The episode begins as a man gets chased by three women into a wrestling ring. “Cut ‘em off!” yells their boss. 

The man being chased, of course, isn’t about to let anything get cut off. 

“Cut ‘em off in the ring!” continues the boss, played by Norman Fell. The man is surrounded by women wrestlers, but before they cut anything of his off, the scene changes.

In the Office of Scientific Intelligence building, the protagonist Jaime Sommers is en route to a meeting with her boss Oscar Goldman when she bumps into Dr. Brandes, a Russian scientist. This being America in the 1970s, this is extremely unusual…

(because she’s a woman)

Goldman remarks that Dr. Brandes recently defected from the Soviet Union, and that she’s working on a very important satellite system called Delta. For a top secret organization tasked with national defense, they certainly are trusting of newcomers from hostile nations, not to mention extremely lax with their secrets.

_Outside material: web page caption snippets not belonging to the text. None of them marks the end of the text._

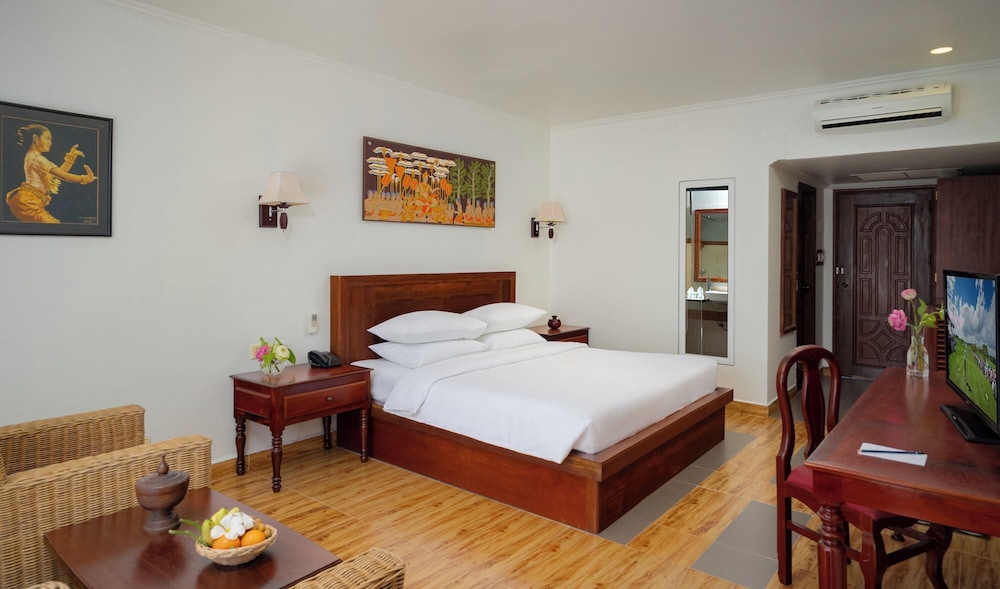 Deluxe Double or Twin Room - Photo 5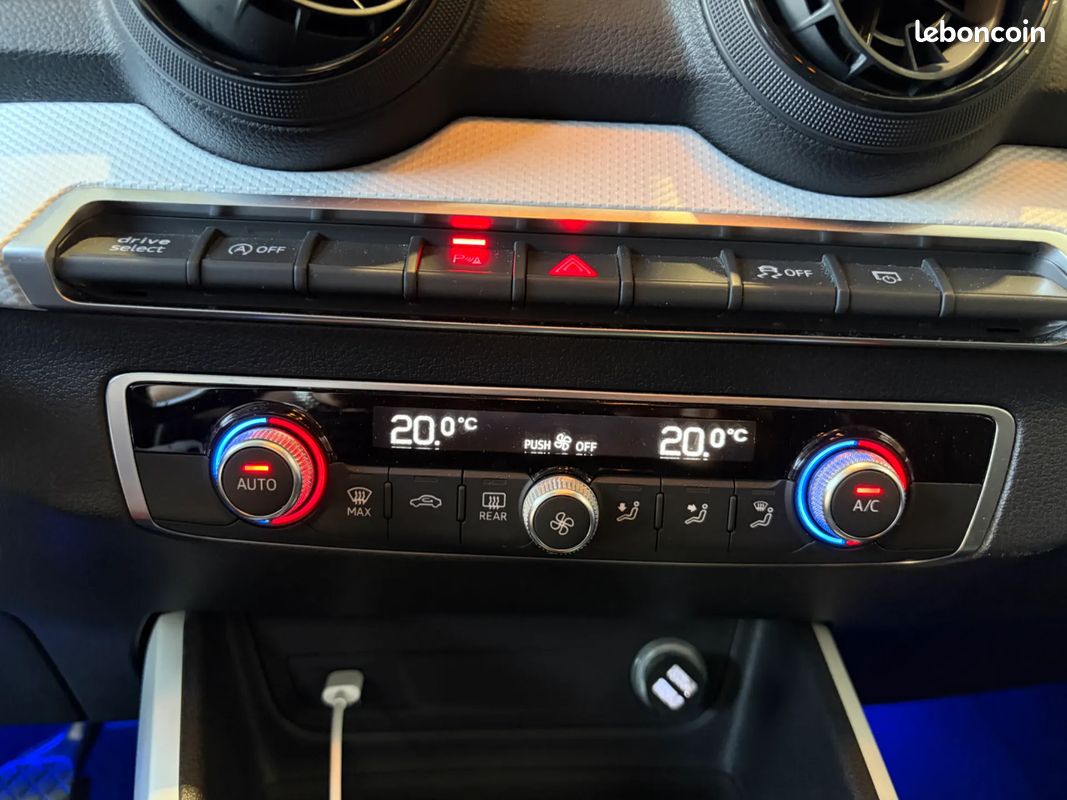 AUDI Q2 30 TFSI 116cv BVM6 - Régulateur/Limiteur de vitesse - Radar de recul - Bluetooth (image 14)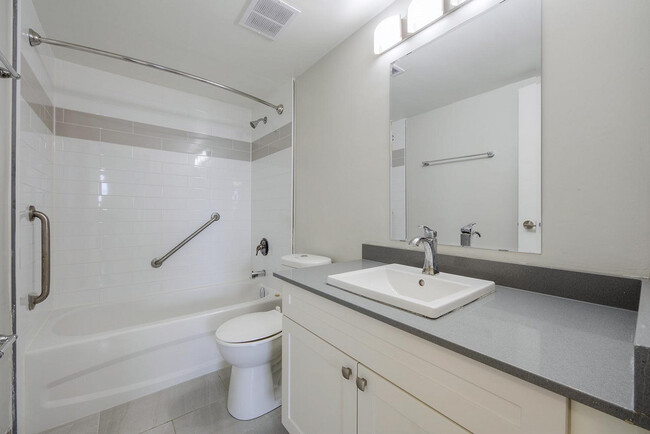 Building Photo - Queen Margaret I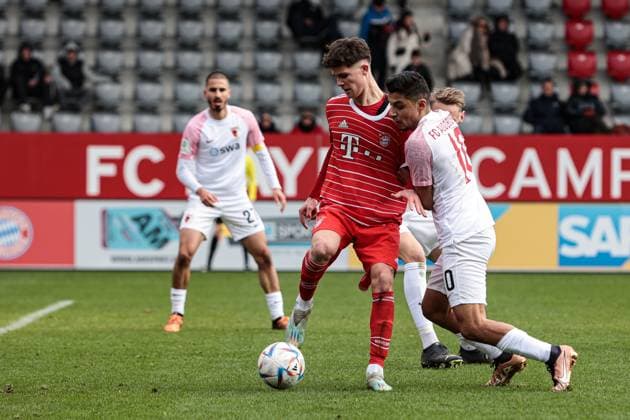 A Junior Bundesliga Sued Suedwest FC Bayern Muenchen U19 FC Augsburg U19 25 02 2023 Luca KLANAC FCB 9 in duel with Davide Dell ERBA FCA 10 Copyright: xBEAUTIFULxSPORTS Goldbergx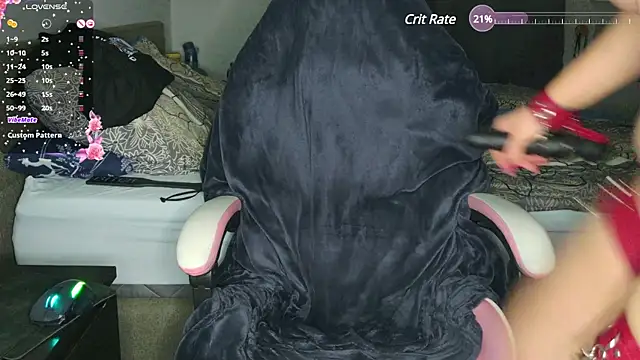 Snapshot of Sunshine-Darkness chatting on 01/07/25, 04:05 Sunshine-Darkness online show from 01/07/25, 04:05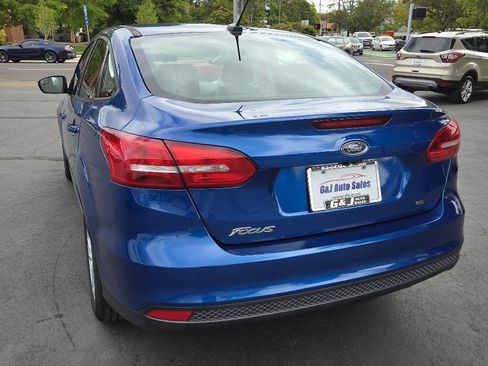 Used 2018 Ford Focus SE FWD image 10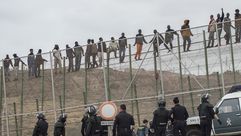 مهاجرون أفارقة على السياج الحدودي بين المغرب وإسبانيا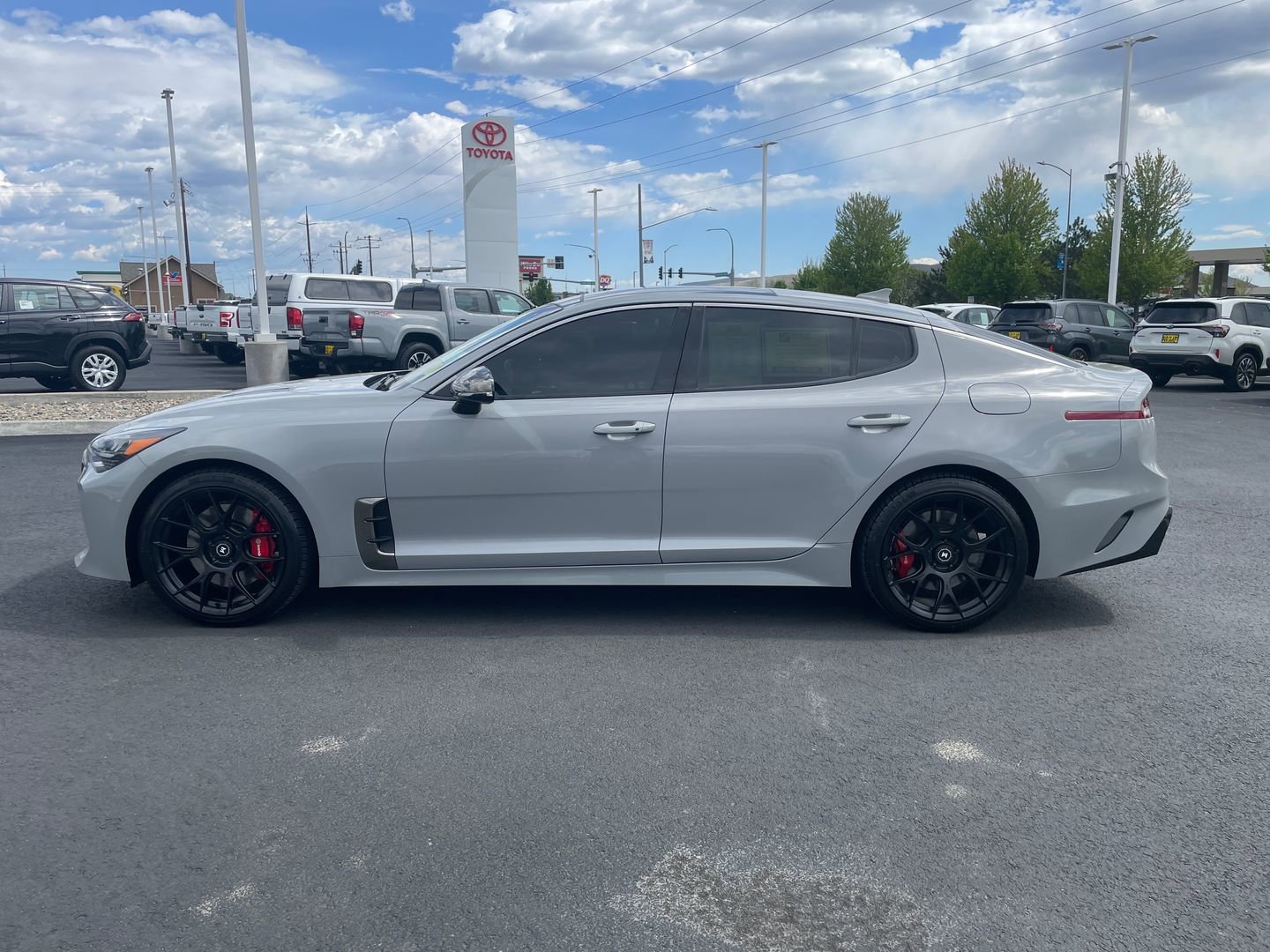 Used 2022 Kia Stinger GT1 AWD/4WD image 6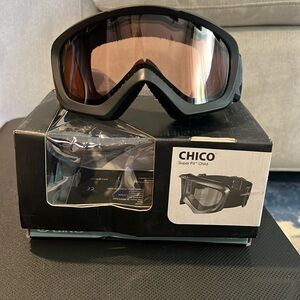 NWT Giro Super fit Kids/Child Goggles Matte Black Frame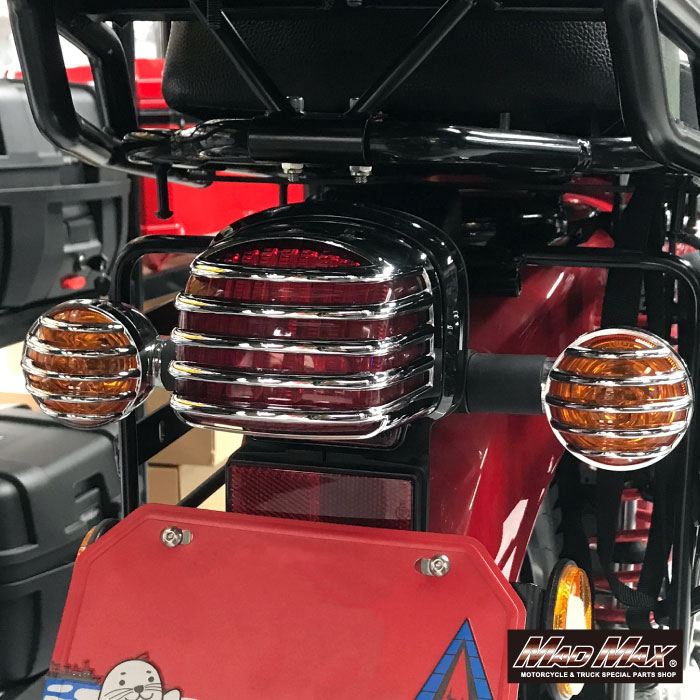 MrQuick製 テールランプガーニッシュ メッキ クロスカブ110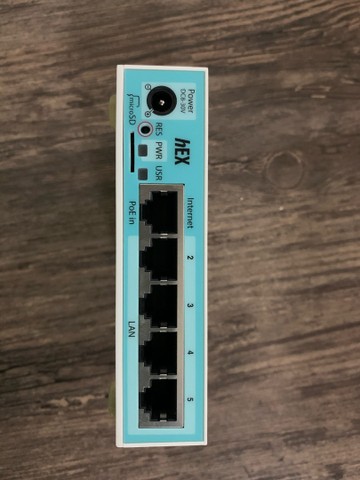 Roteador MikroTik RouterBOARD hEX RB750Gr3 branco e azul-turquesa 100V/240V - Foto 3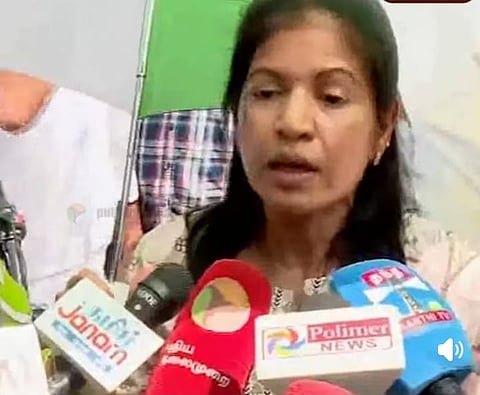 விஜய் கட்சி அலுவலகத்தால் அவதி- பொதுமக்கள் குமுறல்!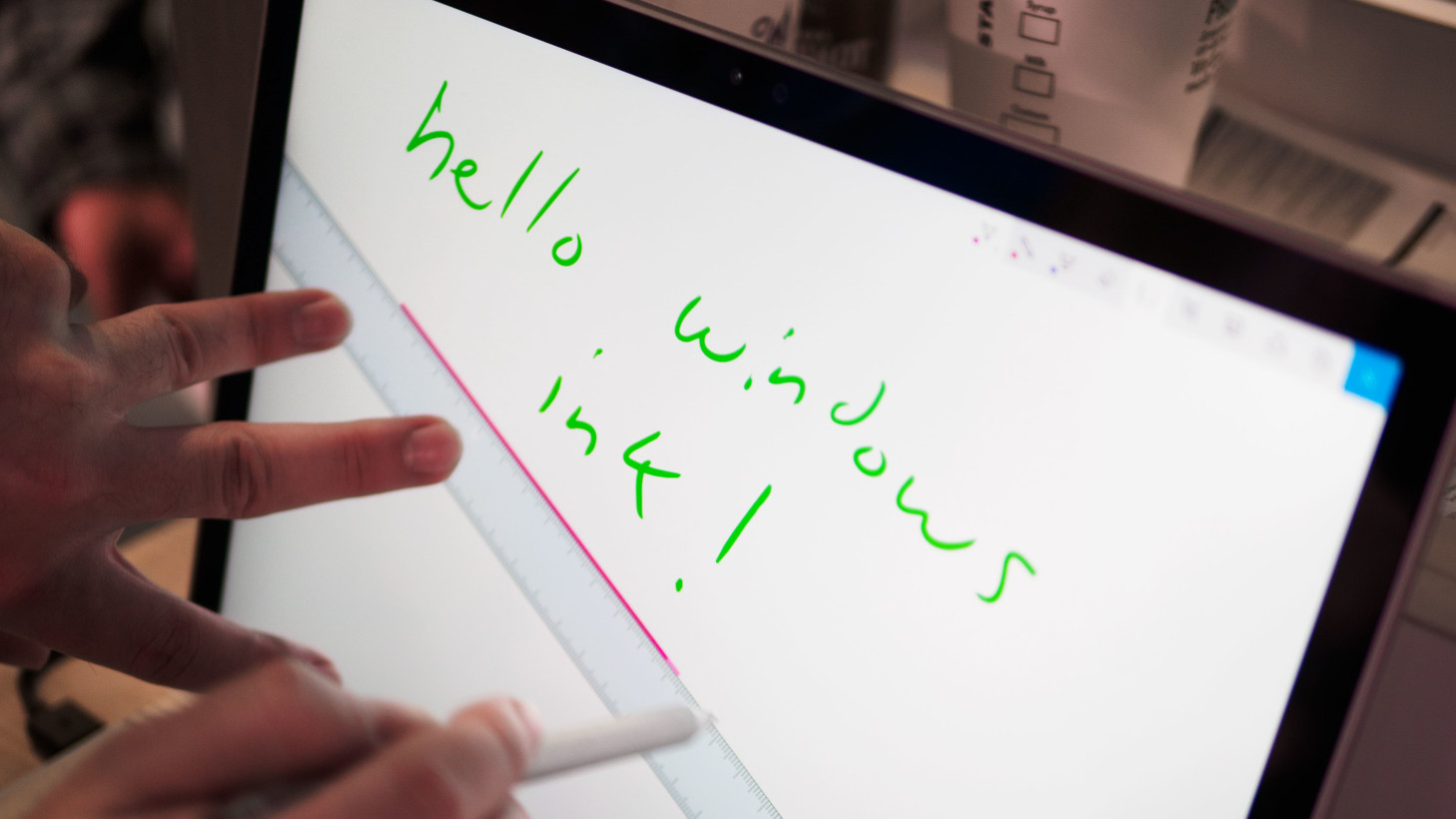 Windows Ink je stále ještě na začátku implementace do rozhraní systému (Zdroj: TheNextWeb.com) Windows Ink je stále ještě na začátku implementace do rozhraní systému (Zdroj: TheNextWeb.com)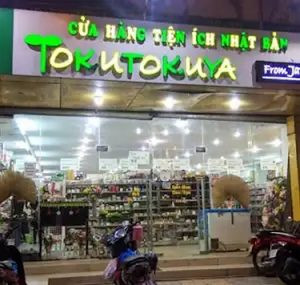 Khu vực trưng bày sản phẩm nhựa tại cửa hàng TOKUTOKUYA, thu hút đông đảo khách hàng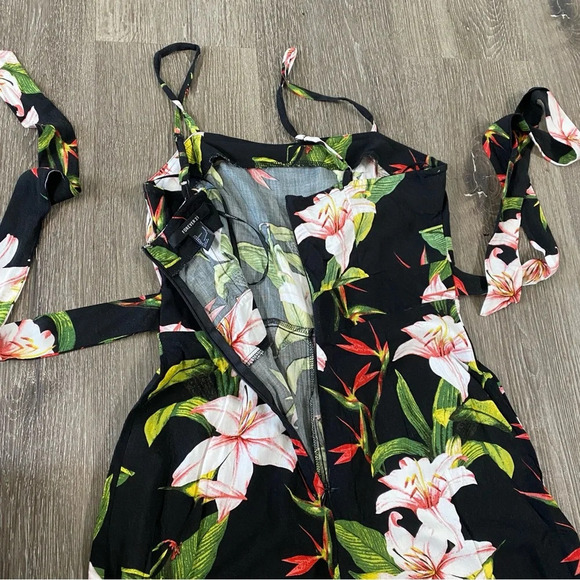 FOREVER21 floral romper maxi jumpsuit women’s size small - Picture 7 of 8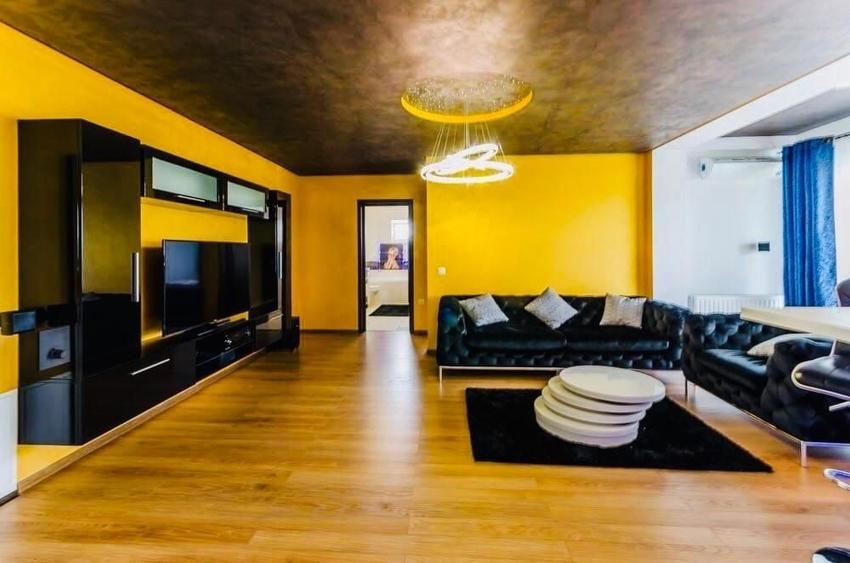 Apartament cu 3 camere decomandat în Central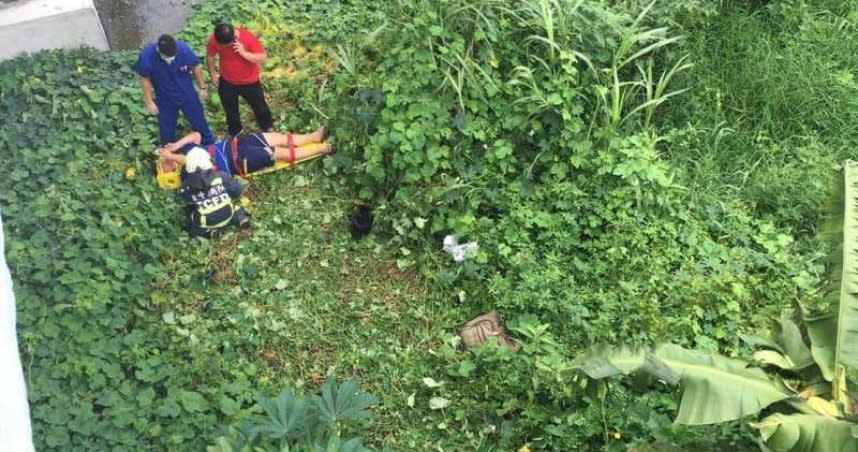 少年載同年少女騎機車出遊，行經水美橋時卻失控自撞，2人從10公尺高的橋上跌落。（圖／翻攝畫面）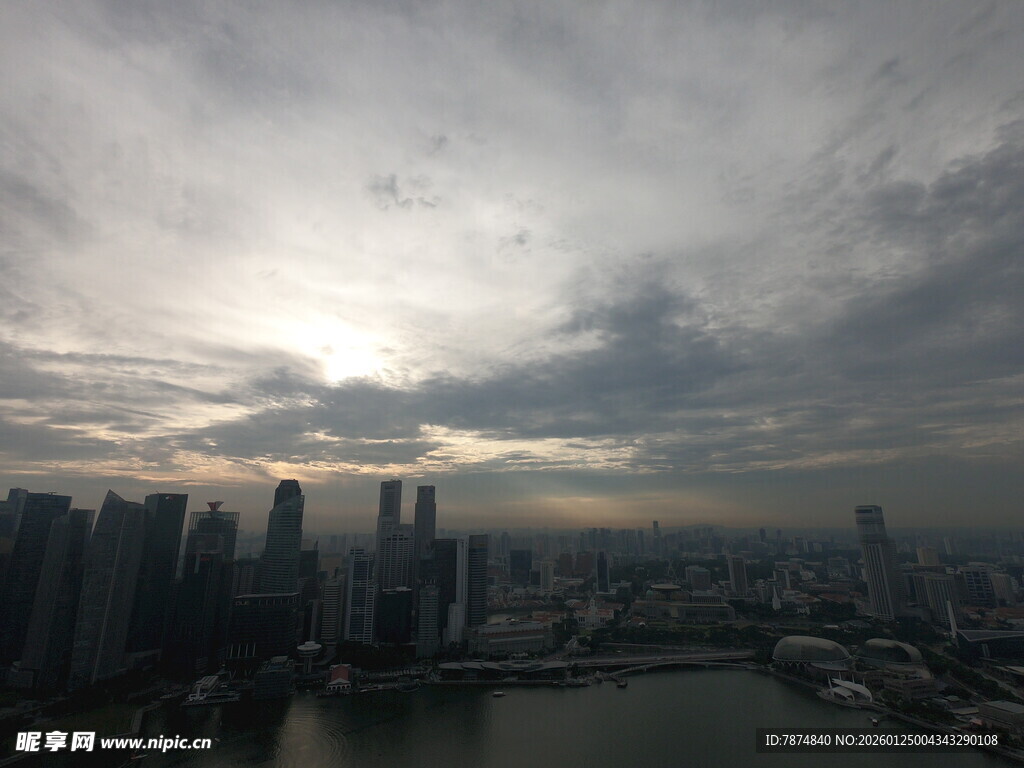 城市天际线与多云天空景观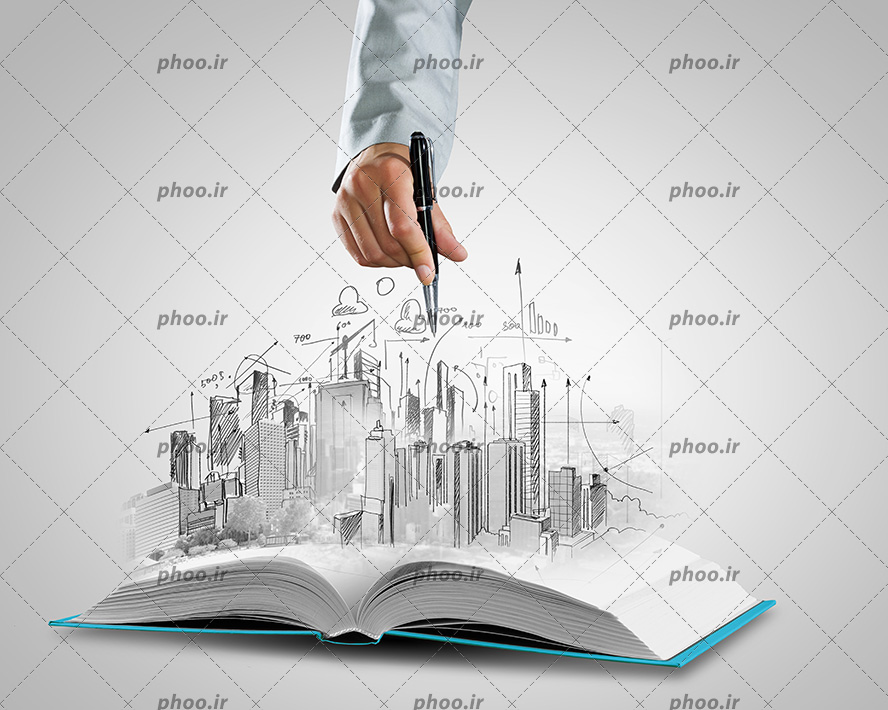 عکس با کیفیت مرد در حال اسکیس زدن ساختمان های سه بعدی به کمک خودکار بر روی کتاب باز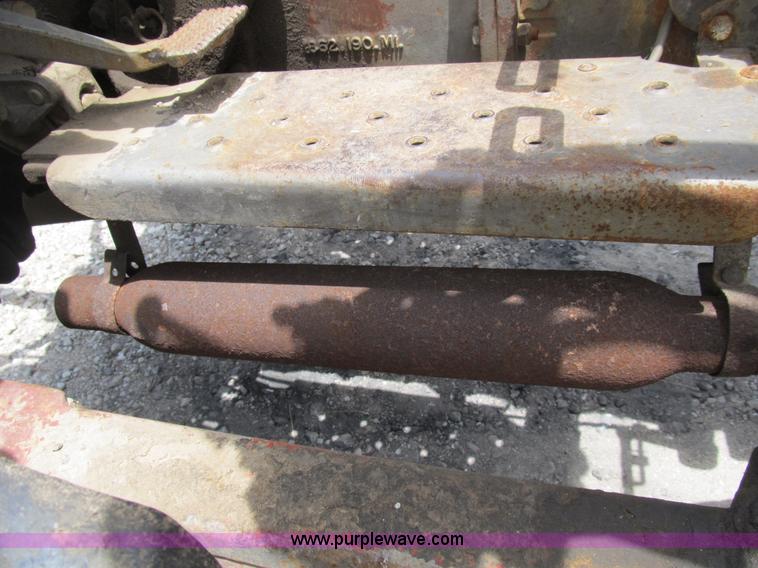 image for item B2762 1972 Massey-Ferguson 165 tractor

Before he can casually reveal any more vital information about national security, Goldman gets down to business: Wayne Haley, an OSI agent, has gone missing. While investigating some nefarious act of espionage, he disappeared, leaving behind this address:

“That’s an awfully seedy area of Washington, isn’t it?” asks Jaime. A Google search reveals that there is no 818 Vermont Avenue in Southwest Washington, DC, the corresponding address in Northwest Washington, DC would be right around the Department of Veterans’ Affairs, about two blocks from the White House.

But on this show, it’s home to a sports arena specializing in lady wrestling.

“Lady wrestling!” laughs Sommers. “Are you kidding?”

But Oscar is serious and decides that Jaime would be the perfect person to go undercover and get the scoop on this conspiracy of lady wrestling. The only questions are, will the bionic woman go along with this lady wrestling charade and, admittedly less important, do they actually call it “lady wrestling”?

The answer to both questions is yes.

Hoping to infiltrate this shady operation, Jaime Sommers shows up at the arena to try out.

(using an untraceable alias, of course)

Thanks to her bionic hearing, she discovers that the boss and his ladies are expecting to make a “big delivery” to “foreign friends” that night. 

Thinking he can teach this impossibly skinny 1970s woman a lesson, the boss puts her in the ring with one of his wrestlers. 

But much to her surprise, Julie Kotter over here breaks out of every hold and puts her sparring partner on the mat.

Soon, Jaime is training with Amazon April Armitage, a sweet lady whom she puts in a bionic airplane spin, which warps space-time to such an extent that April gets a hundred pounds slimmer during the wide shots.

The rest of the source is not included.